Your objective: How do the lines read from the one holding "Floods: Pollard willow" through the last line of the listing? Set them down exactly, pictures omitted.

Data extract:

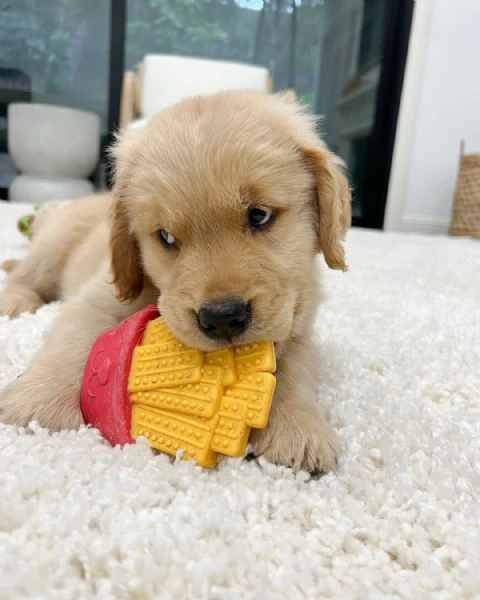 golden retriever | Foto 0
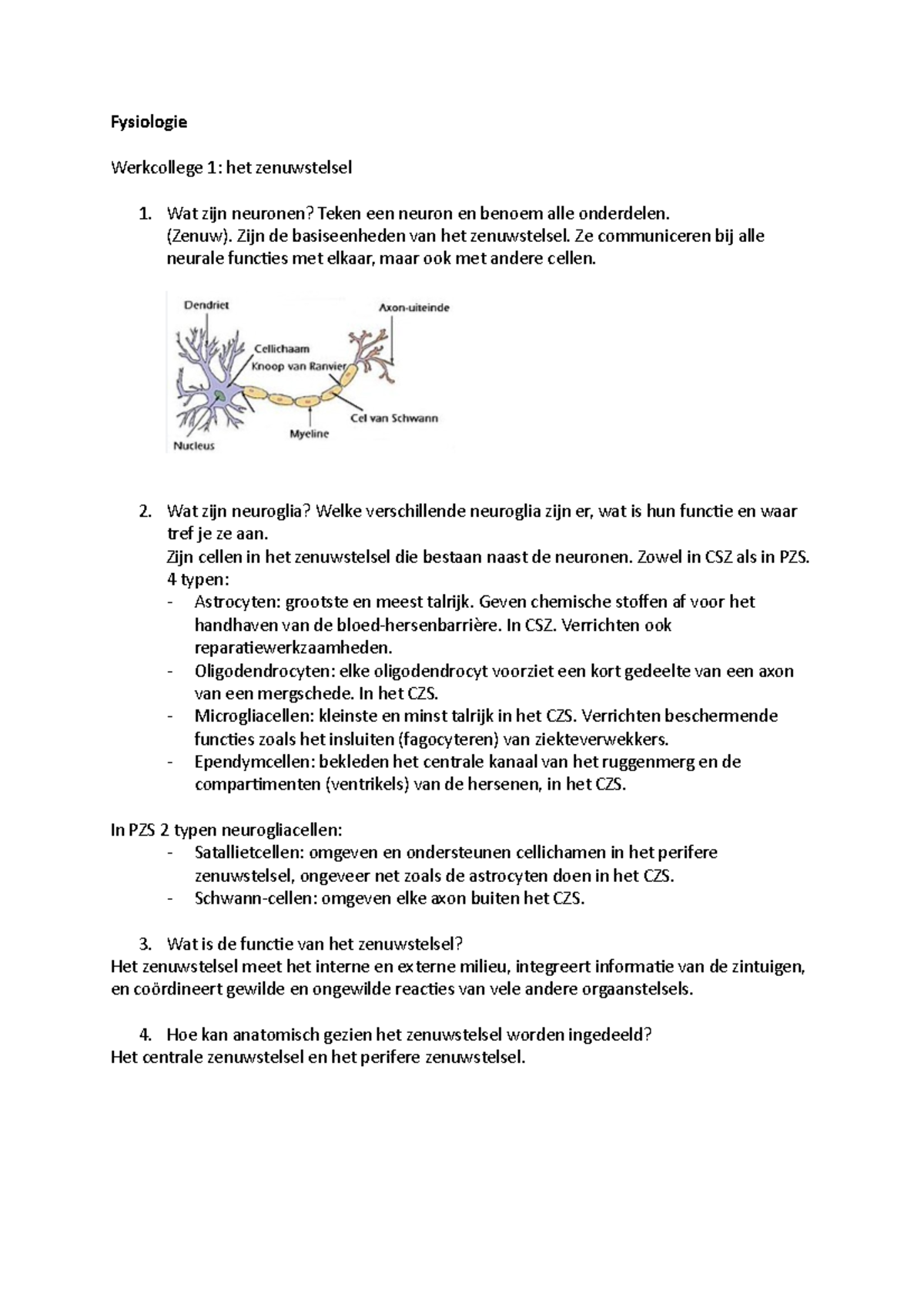 Fysiologie - Fysiologie Werkcollege 1: Het Zenuwstelsel 1. Wat Zijn ...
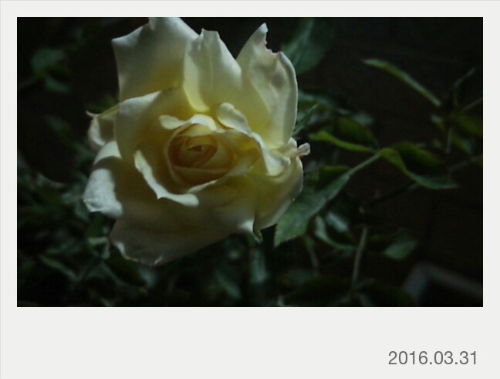 IMG20160331205854.jpg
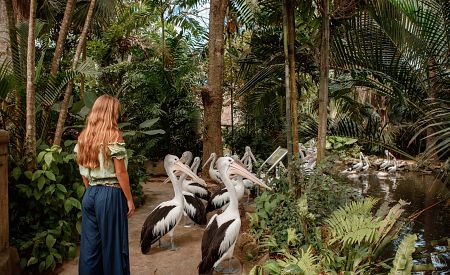 Největší ptačí park na Bali s volně žijícími exotickými druhy v tropické zahradě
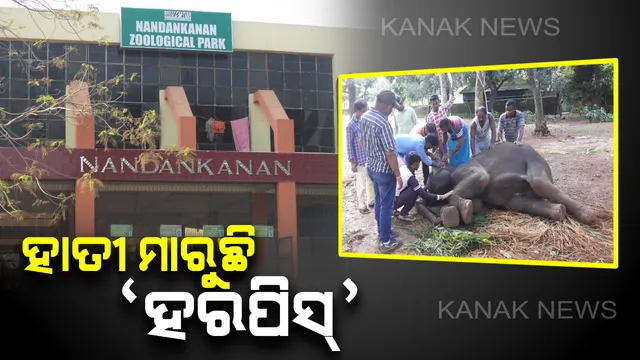 ନନ୍ଦନକାନନରେ ହାତୀ ମଡକ: ମାସକ ମଧ୍ୟରେ ହେଲାଣି ୩ ହାତୀଙ୍କ ମୃତ୍ୟୁ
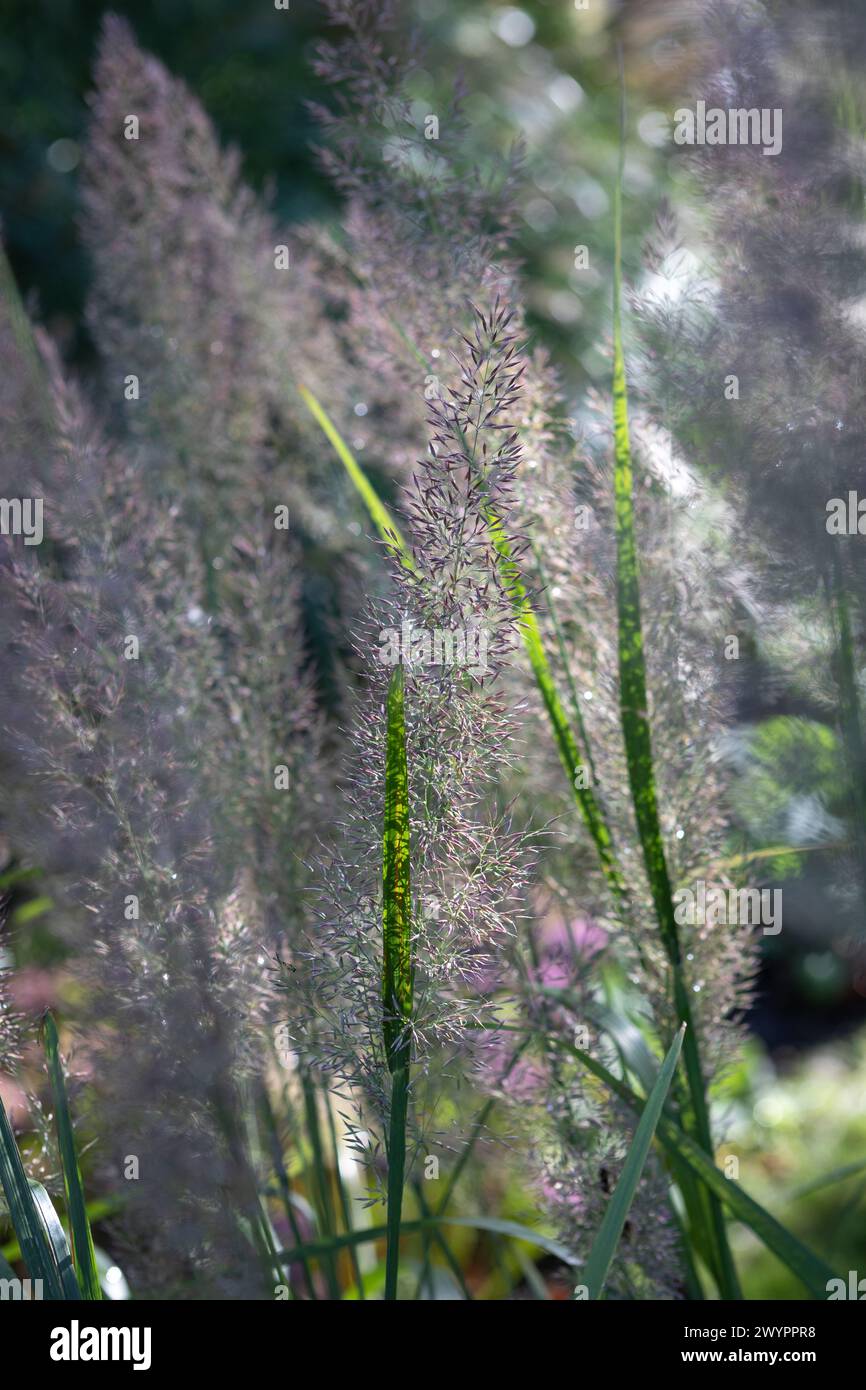Calamagrostis brachytricha (erba di canna di piume coreana) fiori / steli di fiori / teste di fiori Foto Stock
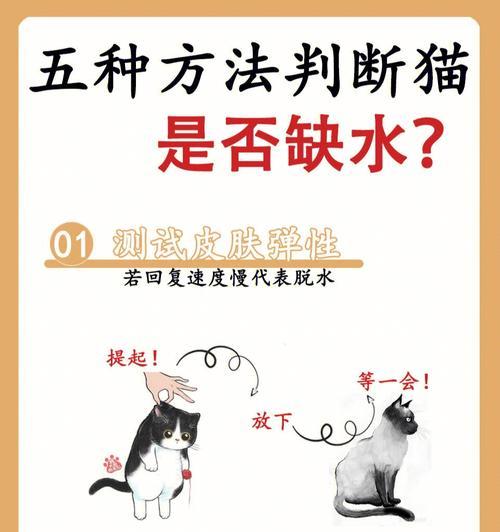 猫咪缺水时会影响进食吗？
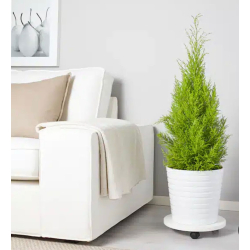 السرو - سرو ليموني 20 - 30 سم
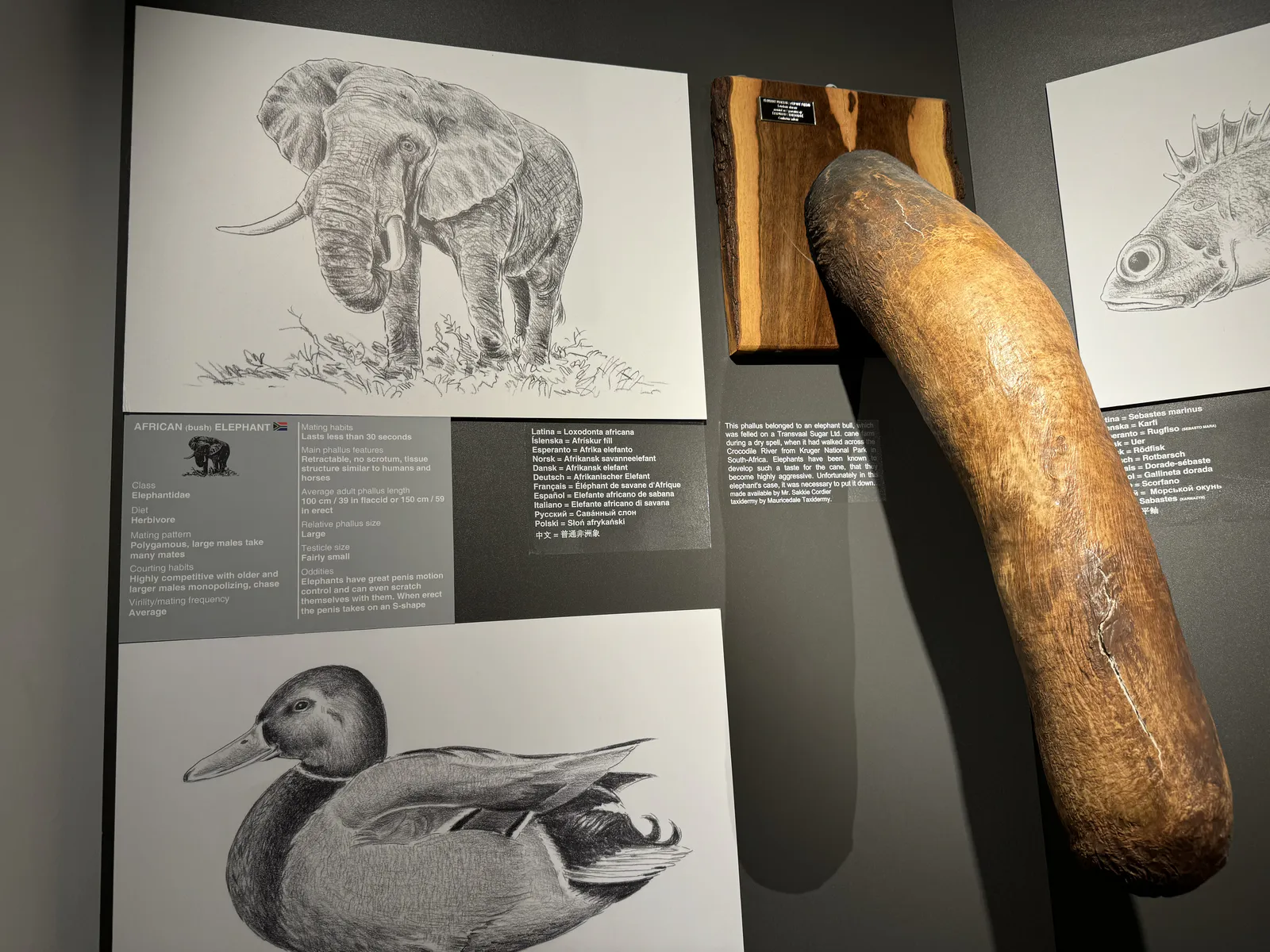 Elephant Penis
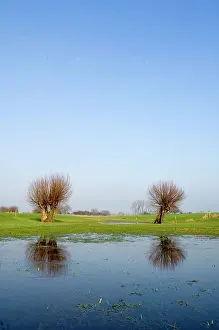 Floods: Pollard willow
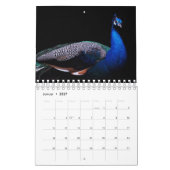 Der Pfau als Kalender カレンダー (1月 2027)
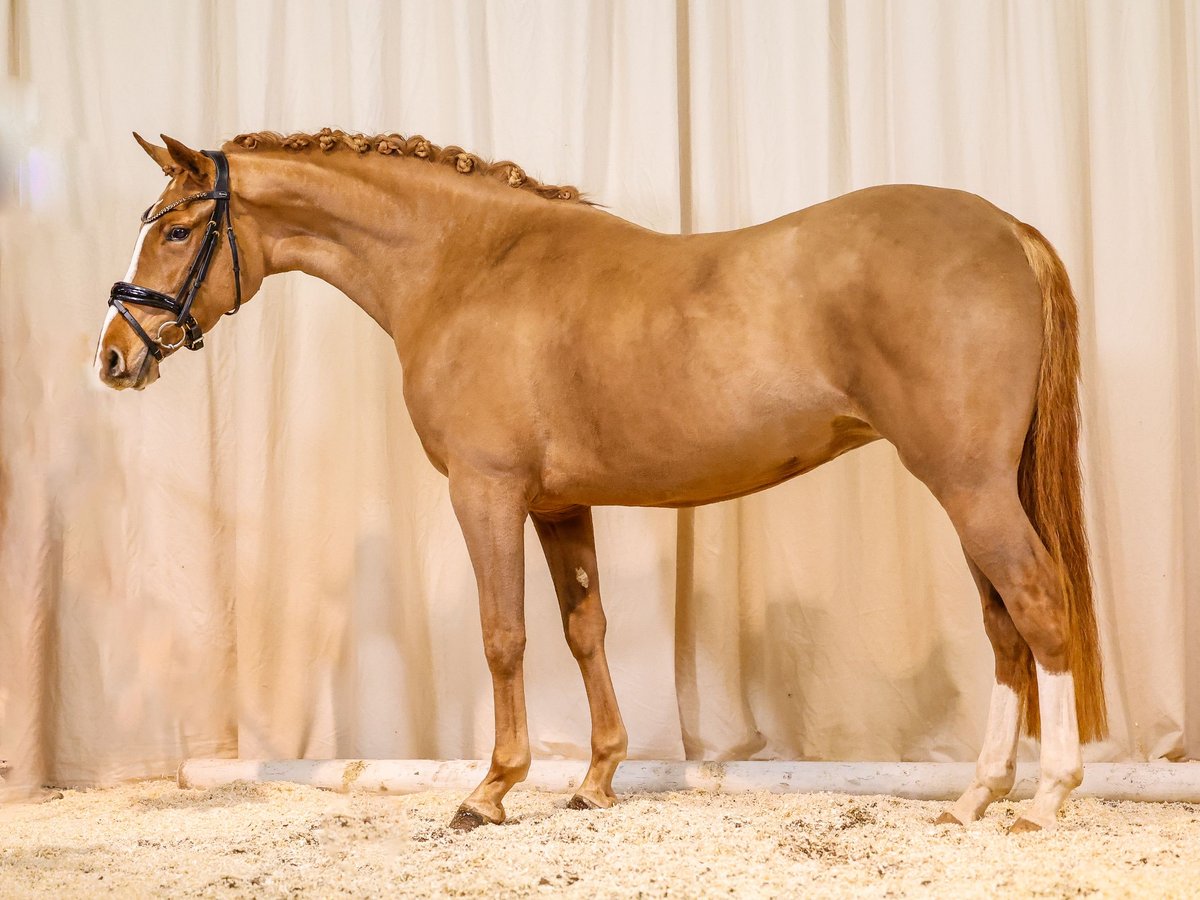 Deutsches Reitpony Stute 3 Jahre 145 Cm Dunkelfuchs In Marsberg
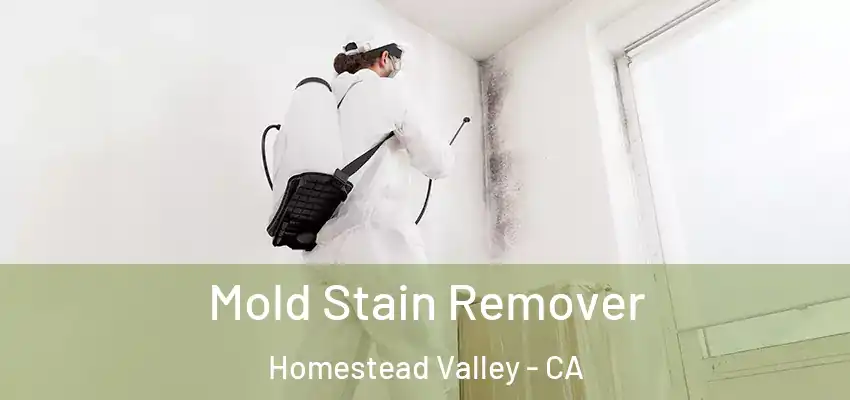  Mold Stain Remover Homestead Valley - CA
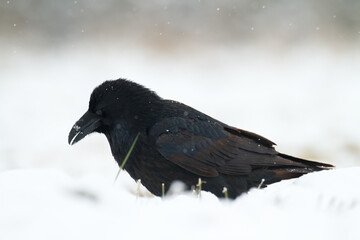 Bird Common Raven Corvus corax, dark style big black scary bird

Finished exercise:
 Floods: Pollard willow
 Der Pfau als Kalender カレンダー (1月 2027)
 Deutsches Reitpony Stute 3 Jahre 145 Cm Dunkelfuchs In Marsberg
  Mold Stain Remover Homestead Valley - CA
 Bird Common Raven Corvus corax, dark style big black scary bird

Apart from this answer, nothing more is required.